Extraordinary, Ordinary People
Page 2
In college the “Ray girls,” as they were called, were popular, with outgoing Mattie becoming a majorette and my more reserved mother breaking out of character by becoming a cheerleader. Mattie, who played high school and collegiate tennis and basketball, was a real athlete. My mother, however, was not. In order to fulfill her physical education requirement, she created a scrapbook. Her teacher gave her a B for the beautiful work but told her he just couldn’t give her an A when she didn’t even break a sweat. This was very much my mother. She was an artist and a lady, and she didn’t really believe that women should play sports or, heaven forbid, perspire.

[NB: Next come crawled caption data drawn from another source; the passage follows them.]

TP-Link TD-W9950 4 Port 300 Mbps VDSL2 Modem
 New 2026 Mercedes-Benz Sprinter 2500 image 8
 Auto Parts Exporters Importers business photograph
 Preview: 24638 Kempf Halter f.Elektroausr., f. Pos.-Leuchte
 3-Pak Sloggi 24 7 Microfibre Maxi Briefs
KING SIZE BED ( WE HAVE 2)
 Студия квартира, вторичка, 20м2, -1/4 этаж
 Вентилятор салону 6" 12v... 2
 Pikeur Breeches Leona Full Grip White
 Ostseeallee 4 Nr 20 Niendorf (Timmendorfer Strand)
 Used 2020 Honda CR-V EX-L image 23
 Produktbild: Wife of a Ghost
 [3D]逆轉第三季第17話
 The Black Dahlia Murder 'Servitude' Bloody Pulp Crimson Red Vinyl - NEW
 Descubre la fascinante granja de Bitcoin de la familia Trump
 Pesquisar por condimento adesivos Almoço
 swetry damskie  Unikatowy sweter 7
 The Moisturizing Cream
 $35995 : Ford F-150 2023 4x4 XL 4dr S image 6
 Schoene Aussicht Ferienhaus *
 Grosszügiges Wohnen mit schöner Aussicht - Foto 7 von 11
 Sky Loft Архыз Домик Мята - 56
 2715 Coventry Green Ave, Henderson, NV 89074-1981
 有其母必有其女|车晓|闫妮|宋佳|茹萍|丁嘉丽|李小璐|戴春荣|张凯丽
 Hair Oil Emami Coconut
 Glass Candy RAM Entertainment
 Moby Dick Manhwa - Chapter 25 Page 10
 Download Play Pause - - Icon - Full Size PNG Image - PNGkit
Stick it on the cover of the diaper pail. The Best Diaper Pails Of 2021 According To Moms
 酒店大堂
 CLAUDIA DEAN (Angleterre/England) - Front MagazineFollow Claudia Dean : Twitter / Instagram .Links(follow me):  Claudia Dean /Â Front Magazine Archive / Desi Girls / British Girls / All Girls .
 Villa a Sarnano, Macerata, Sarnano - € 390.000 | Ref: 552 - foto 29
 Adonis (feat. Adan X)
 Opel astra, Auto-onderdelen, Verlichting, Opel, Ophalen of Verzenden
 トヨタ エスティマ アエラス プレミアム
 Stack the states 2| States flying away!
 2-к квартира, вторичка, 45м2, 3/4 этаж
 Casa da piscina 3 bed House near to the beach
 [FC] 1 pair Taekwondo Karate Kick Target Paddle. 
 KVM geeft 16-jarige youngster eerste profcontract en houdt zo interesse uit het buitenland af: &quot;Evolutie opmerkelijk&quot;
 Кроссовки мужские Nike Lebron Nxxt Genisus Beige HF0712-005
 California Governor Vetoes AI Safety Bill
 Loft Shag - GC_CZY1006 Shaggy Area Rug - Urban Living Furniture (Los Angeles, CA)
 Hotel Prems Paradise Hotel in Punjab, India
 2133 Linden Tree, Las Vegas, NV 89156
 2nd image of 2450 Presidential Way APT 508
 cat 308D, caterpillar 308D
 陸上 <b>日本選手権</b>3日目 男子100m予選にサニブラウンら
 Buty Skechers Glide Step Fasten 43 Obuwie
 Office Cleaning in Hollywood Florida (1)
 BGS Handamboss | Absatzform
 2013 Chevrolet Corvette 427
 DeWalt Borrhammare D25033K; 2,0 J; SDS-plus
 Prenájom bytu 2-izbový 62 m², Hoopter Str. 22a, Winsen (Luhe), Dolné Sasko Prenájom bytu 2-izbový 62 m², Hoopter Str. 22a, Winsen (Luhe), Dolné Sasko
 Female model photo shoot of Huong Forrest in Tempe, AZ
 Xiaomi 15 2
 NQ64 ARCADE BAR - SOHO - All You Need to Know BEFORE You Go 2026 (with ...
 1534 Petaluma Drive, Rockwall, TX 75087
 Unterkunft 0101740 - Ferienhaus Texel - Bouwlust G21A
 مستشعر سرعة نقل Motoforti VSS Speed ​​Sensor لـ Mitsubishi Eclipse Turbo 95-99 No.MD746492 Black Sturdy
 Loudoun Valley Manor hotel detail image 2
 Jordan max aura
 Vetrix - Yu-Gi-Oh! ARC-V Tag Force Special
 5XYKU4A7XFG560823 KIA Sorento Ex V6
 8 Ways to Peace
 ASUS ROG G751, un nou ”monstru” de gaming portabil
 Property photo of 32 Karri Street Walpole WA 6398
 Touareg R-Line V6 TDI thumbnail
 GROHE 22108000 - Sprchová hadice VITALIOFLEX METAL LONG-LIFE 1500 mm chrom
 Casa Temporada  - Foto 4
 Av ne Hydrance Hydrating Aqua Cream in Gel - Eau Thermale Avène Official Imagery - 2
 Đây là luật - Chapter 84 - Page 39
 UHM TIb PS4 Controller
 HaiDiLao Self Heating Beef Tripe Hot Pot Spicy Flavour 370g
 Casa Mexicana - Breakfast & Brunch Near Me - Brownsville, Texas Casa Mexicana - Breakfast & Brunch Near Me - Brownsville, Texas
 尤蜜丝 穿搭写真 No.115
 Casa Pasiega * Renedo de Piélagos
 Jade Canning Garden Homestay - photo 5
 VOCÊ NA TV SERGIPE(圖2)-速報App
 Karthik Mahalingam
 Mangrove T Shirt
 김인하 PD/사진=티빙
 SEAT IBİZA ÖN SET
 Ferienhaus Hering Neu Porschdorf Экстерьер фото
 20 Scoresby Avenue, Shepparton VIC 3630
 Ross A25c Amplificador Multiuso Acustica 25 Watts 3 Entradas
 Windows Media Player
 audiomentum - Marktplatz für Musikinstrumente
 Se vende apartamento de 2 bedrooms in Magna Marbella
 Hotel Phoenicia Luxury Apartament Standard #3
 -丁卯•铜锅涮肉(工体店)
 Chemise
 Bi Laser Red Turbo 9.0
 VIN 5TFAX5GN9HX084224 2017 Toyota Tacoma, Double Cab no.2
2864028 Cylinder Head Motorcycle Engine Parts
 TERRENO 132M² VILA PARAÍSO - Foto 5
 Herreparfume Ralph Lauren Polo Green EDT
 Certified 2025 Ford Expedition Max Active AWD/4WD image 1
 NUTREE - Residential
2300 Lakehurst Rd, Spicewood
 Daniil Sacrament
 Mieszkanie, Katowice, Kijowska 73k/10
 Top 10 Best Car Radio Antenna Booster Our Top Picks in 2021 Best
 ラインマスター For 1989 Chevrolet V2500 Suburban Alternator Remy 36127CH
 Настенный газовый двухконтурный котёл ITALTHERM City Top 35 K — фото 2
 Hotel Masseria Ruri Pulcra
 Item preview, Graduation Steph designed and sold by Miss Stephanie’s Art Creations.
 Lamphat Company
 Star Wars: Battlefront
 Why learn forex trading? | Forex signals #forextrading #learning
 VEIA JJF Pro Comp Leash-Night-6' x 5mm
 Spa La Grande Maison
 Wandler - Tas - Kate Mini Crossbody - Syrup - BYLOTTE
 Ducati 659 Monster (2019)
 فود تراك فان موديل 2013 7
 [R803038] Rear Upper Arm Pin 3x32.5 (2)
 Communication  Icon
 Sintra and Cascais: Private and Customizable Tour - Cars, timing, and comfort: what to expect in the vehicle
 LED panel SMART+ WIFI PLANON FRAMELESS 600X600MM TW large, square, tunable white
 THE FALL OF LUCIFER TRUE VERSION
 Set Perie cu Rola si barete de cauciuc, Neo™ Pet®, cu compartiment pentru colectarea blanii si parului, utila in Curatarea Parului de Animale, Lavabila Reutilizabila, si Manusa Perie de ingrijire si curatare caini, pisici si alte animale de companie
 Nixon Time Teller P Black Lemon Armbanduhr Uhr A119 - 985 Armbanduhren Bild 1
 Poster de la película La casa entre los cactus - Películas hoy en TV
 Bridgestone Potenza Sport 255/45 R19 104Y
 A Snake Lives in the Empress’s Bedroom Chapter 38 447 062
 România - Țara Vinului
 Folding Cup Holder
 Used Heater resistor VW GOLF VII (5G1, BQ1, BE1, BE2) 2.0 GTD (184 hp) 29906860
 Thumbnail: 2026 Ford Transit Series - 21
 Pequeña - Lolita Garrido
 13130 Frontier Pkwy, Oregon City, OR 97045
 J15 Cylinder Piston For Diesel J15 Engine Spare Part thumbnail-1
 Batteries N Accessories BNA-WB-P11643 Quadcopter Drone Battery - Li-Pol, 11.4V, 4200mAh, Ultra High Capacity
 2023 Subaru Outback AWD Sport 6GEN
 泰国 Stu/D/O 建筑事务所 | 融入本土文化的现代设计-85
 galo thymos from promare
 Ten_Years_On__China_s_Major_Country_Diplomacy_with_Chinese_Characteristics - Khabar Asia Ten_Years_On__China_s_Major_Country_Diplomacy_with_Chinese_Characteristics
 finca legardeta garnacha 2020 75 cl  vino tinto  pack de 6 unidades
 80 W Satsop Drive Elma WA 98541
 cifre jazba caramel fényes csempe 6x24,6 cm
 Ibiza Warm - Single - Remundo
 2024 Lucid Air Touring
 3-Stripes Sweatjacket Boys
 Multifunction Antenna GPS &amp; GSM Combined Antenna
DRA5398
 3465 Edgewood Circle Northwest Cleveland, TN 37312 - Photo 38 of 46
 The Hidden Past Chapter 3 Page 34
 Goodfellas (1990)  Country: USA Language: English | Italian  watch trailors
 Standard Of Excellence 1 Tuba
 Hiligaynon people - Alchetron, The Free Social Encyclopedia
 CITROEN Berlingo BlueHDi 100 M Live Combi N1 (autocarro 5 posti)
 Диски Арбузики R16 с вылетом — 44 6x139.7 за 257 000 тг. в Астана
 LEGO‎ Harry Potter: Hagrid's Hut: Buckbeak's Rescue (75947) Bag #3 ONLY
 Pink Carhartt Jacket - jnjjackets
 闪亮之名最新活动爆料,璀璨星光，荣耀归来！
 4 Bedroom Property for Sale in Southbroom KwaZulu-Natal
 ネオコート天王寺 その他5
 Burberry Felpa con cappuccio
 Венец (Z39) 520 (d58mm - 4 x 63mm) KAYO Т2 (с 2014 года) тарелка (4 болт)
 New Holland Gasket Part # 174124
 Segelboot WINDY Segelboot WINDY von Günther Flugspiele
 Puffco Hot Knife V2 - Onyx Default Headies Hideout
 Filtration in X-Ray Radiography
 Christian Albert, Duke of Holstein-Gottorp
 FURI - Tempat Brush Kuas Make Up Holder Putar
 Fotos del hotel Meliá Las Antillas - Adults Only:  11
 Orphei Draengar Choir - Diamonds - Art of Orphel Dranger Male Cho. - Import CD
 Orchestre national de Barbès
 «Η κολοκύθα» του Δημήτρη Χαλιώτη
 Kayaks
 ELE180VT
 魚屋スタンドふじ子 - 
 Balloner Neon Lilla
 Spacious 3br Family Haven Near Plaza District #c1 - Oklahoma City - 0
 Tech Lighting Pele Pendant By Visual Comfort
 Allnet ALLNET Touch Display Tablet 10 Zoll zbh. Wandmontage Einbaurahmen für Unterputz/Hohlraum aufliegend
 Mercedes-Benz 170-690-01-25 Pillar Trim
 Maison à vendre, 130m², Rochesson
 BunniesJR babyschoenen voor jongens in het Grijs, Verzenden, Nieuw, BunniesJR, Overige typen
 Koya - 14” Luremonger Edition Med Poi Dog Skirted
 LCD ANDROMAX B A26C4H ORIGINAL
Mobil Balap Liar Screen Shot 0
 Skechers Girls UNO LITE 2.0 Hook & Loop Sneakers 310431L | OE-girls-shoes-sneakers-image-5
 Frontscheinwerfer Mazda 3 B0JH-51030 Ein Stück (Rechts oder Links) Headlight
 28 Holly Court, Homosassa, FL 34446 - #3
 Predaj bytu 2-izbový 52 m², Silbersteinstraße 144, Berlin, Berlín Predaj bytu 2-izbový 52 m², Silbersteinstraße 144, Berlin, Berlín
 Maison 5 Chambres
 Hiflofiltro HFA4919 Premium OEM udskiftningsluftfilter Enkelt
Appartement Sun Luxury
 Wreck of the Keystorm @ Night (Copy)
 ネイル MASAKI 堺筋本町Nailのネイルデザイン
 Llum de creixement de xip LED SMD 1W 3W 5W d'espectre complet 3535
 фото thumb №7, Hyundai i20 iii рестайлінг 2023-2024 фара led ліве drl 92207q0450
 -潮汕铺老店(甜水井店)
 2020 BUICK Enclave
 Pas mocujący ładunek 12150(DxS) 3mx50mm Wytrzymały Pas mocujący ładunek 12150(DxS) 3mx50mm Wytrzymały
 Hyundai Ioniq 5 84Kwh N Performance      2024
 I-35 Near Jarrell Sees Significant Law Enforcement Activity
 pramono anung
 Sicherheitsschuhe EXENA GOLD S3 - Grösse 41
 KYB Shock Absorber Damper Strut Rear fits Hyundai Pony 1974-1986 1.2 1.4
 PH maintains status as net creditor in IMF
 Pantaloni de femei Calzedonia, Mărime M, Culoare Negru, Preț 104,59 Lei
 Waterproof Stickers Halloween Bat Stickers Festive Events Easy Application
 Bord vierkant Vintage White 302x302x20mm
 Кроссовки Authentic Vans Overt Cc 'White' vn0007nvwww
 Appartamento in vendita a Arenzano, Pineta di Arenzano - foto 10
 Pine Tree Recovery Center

I can’t remember my mother ever picking up a bat or a ball of any kind, and though she later learned to enjoy spectator sports with my father and me, she never fully came to terms with my tomboy tendencies.
After college Mattie and Angelena continued to live at home. My mother and her sister had many friends, but they were clearly each other’s best friends. Life in segregated Birmingham was in some ways pretty simple: family, church, work, and a social life built around black fraternities and private clubs. Mother and her sister became well-regarded teachers at the same high school, though their perpetual tardiness led their father to set the house clocks far ahead to force them to be on time.
They’d been taught music by their mother and grandmother and on Sundays played organ and piano for Baptist churches. Although they were Methodists, the Baptists paid better. They had to learn to play gospel and improvise by ear, something that those who read music sometimes find hard. I certainly do. But it was apparently not so difficult for my mother and Mattie. I asked about this once when I played for a Baptist church and found myself unable to follow the preacher when he’d “raise a song.” “Mother,” I said, “he starts in no known key. How am I supposed to find him?” “Just play in C,” she said. “He’ll come right back to you.” It was good advice, but I never mastered playing gospel the way my mother and Mattie did.
On the weekend, the girls went to fraternity and social club dances in dresses that Mattie, who could sew beautifully, made from whatever material they liked. They loved clothes. My mother once said that her meager teacher’s salary was already owed to fine clothing stores such as Burger-Phillips and Newberry’s the minute she got it. They took trips to shop in downtown Birmingham, where their really light-skinned acquaintances would “pass” as white so that they could go to lunch counters and bring hot dogs out to their waiting, darker-skinned friends.
I’VE HEARD many friends and family say that they never thought my mother would marry. She was so close to her family, extremely reserved, sharp-tongued, and, despite her beauty, headed for spinsterhood. But one day she went to work at Fairfield Industrial High, where she’d been teaching for several years. There was a lot of buzz about the new athletic director and assistant football coach. Tall, dark-skinned, and extremely athletic, he was powerfully built with a deep, resonant voice. And he was a preacher who happened to be single.
Mother claimed that John Wesley Rice Jr. first saw her walking down the hallway in a red polka-dot dress and red, very high-heeled strappy shoes. He was leaning against the wall, filing his fingernails and hoping to have a chance to say hello. He claimed that it was she who had made the first move, dressing that way to catch his attention.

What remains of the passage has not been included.